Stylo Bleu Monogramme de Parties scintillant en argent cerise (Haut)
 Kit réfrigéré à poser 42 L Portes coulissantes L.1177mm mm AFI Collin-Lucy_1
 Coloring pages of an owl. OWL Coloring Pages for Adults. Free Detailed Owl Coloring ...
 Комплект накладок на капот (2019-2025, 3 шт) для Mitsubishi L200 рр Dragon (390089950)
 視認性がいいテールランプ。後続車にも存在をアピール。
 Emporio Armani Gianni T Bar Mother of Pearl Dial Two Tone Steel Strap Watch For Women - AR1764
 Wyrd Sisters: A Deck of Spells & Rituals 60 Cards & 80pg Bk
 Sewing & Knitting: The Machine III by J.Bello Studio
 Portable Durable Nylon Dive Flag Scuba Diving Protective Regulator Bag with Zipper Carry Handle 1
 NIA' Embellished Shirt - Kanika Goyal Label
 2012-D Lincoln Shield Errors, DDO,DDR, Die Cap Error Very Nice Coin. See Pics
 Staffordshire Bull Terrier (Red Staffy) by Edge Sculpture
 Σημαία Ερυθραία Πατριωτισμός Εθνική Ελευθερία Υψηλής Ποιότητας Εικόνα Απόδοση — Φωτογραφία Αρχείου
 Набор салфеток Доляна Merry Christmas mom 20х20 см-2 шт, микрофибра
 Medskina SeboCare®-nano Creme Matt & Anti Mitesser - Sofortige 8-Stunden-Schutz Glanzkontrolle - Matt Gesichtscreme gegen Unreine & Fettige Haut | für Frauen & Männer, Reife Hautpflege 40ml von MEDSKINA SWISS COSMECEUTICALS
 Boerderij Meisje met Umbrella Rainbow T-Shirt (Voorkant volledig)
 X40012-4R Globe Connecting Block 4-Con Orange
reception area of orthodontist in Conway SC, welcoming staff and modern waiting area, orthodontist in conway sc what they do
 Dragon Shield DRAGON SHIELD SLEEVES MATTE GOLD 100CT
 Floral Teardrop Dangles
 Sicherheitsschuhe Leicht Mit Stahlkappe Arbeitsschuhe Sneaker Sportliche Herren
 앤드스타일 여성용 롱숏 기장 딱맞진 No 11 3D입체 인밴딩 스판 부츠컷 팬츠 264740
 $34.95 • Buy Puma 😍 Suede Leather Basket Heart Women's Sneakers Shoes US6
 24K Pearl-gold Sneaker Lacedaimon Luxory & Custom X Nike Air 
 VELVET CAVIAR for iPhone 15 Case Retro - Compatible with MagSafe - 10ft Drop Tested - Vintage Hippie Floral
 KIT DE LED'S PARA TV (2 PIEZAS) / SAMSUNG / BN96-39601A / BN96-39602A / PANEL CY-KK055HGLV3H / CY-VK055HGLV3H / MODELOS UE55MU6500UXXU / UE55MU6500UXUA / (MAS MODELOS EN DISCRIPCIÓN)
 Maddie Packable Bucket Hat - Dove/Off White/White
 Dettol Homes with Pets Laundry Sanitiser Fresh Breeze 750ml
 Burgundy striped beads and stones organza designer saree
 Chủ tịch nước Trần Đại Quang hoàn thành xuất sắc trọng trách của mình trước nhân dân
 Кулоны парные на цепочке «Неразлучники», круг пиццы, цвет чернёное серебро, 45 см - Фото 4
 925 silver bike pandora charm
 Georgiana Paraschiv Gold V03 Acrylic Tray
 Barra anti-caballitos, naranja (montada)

- _Required work_
Quote exactly the lines running from the start of the listing above through the line where "視認性がいいテールランプ。後続車にも存在をアピール。" is found, and output no other lines.

- _Expected output_
Stylo Bleu Monogramme de Parties scintillant en argent cerise (Haut)
 Kit réfrigéré à poser 42 L Portes coulissantes L.1177mm mm AFI Collin-Lucy_1
 Coloring pages of an owl. OWL Coloring Pages for Adults. Free Detailed Owl Coloring ...
 Комплект накладок на капот (2019-2025, 3 шт) для Mitsubishi L200 рр Dragon (390089950)
 視認性がいいテールランプ。後続車にも存在をアピール。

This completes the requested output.